Ovviamente l’apologo di cui sopra è completamente inventato, tanto quanto il Necronomicon. Cos’è questo libro, quindi? Lovecraft è uno dei più importanti autori del fantastico americano, da molti ritenuto erede di Poe. In una serie di suoi racconti si fa riferimento a quest’opera, il “Libro dei Nomi dei Morti“. Si dice nei suoi racconti che sia stato scritto dal poeta arabo pazzo Abdul Alhazred, vissuto sotto la dinastia omayyade, dopo dieci anni di ritiro nel Deserto Purpureo. Il testo contiene un racconto mitologico sui Grandi Antichi, pure emanazioni del caos primordiale precedenti a qualunque altra forma di vita o di realtà, i loro nomi ed i modi per invocarli. Sparse nei racconti troviamo tracce di quest’opera, faticosamente trasmessa fino a noi in pochissime copie, riferimenti alla strana sorte dell’autore e agli inquietanti contenuti del testo. Lovecraft non era particolarmente famoso ma già in vita il suo nome era forma di culto per gli appassionati del fantastico e nutriva di ottima considerazione presso la critica per le sue capacità stilistiche, ma nel giro di pochi anni, fra la fine degli anni ’20 e l’inizio dei ’30, il suo nome si diffuse rapidamente legato soprattutto a quello dell’opera da lui continuamente citata. Il Necronomicon, come detto, non esiste, è una sua invenzione per dare fondamento storico-narrativo alle creature di sua ideazione. Ma tale era l’accuratezza delle informazioni da lui date ed il fascino suscitato che in molti iniziarono a crederla un’opera reale. Anzi: nessuno si pose il problema potesse essere un’opera di finzione, uno pseudobiblium. Fra riferimenti ad autori, personaggi e biblioteche reali si diffuse la leggenda del Libro dei Morti.

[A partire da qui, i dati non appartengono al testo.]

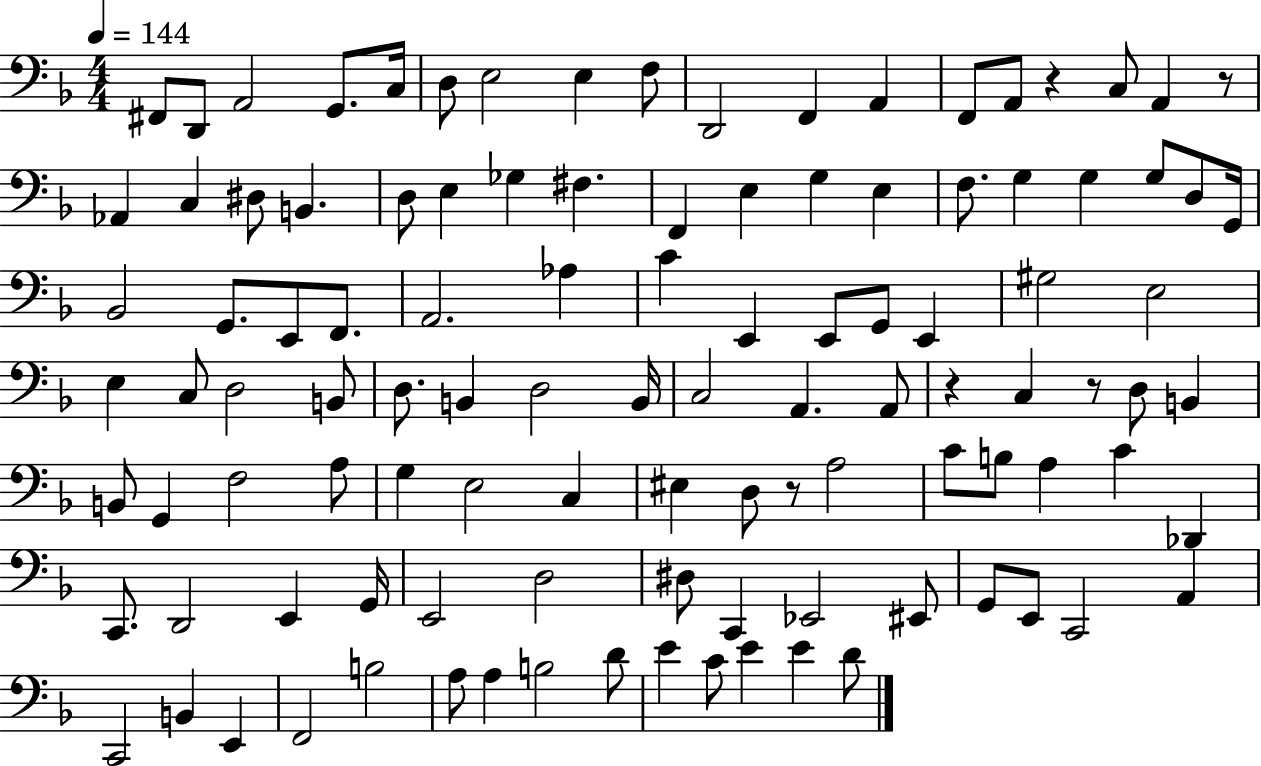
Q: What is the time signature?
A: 4/4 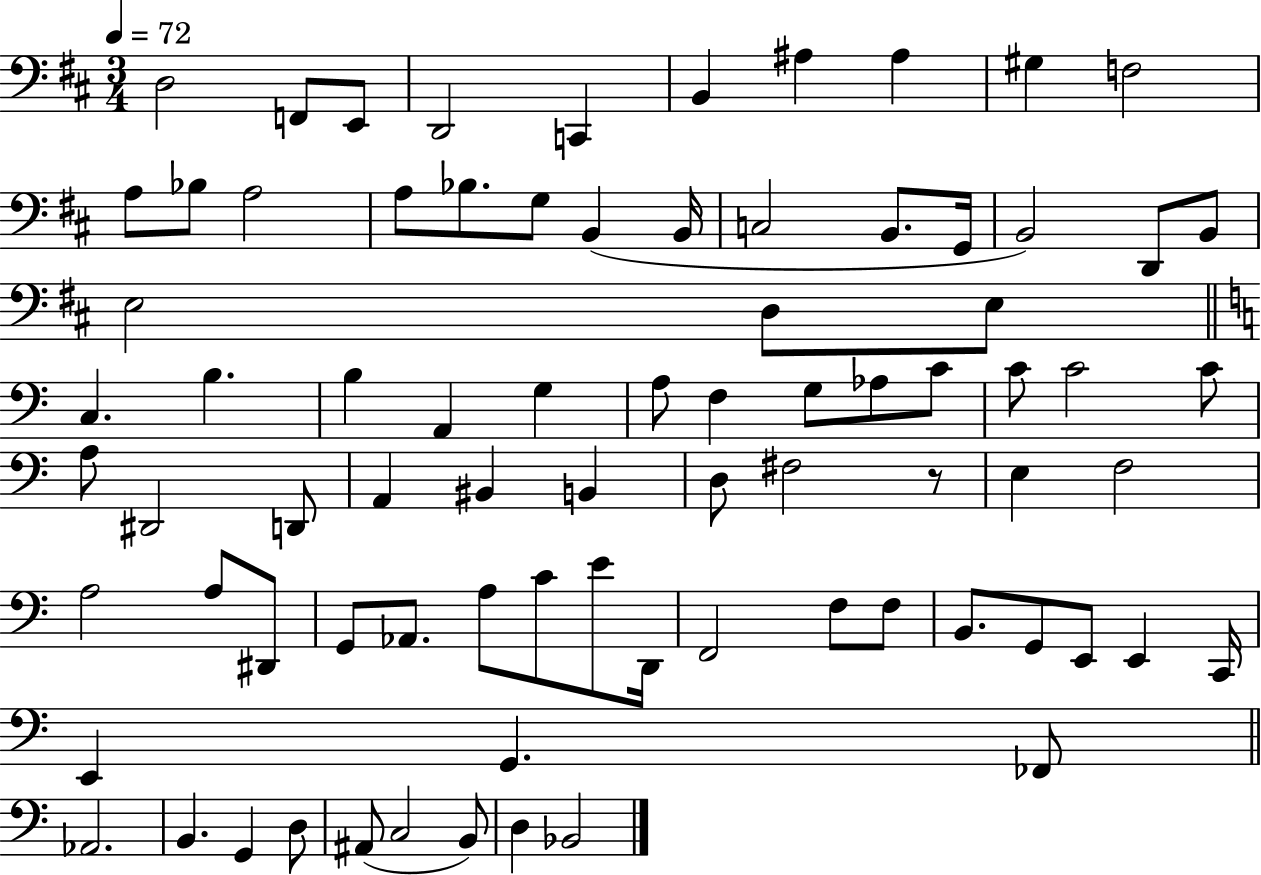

Lovecraft non negherà mai l’esistenza del testo, alimentando la passione e l’interesse. Da lui vengono citati luoghi in cui sarebbero contenute copie superstiti dell’opera: ovviamente suddette biblioteche e musei negheranno tutto, finendo solo per aumentare la morbosità dietro la ricerca. Sarà proprio il nostro a dire, quasi preoccupato, che se la leggenda fosse continuata a crescere non avrebbe potuto mai svelare la verità, poiché sarebbe stato accusato di mentire su un’opera da lui inventata. Dopo la sua morte nel 1937, la leggenda non esita ad arrestarsi. Il nome del Necronomicon si affaccia nei cataloghi di antiquari e bibliotecari. Alla fine degli anni Sessanta un biografo del nostro, Sprague de Camp, al ritorno da un viaggio in Asia, pubblica un manoscritto acquistato in un villaggio dell’Iraq che riteneva essere proprio il tanto agognato libro, in realtà smentito subito da filologi e linguisti come una sequenza di segni senza senso ad imitazione del persiano. Negli anni Settanta Colin Wilson afferma che Lovecraft mentiva quando diceva che il testo non esistesse per coprire una realtà ben diversa: l’affiliazione del padre alla massoneria egiziana. Da quegli anni l’opera di Lovecraft è stata oggetto di trasposizioni, adattamenti, omaggi e riferimenti a non finire, alimentando una leggenda ed una suggestione che non termineranno mai.

Per concludere citiamo gli enigmatici e bellissimi versi di Abdul Alhazred (il nostro disse che il nome era uno pseudonimo usato da bambino, affascinato dalle Mille e una notte)

Non è morto ciò che può morire in eterno / e in strani eoni anche la morte può morire.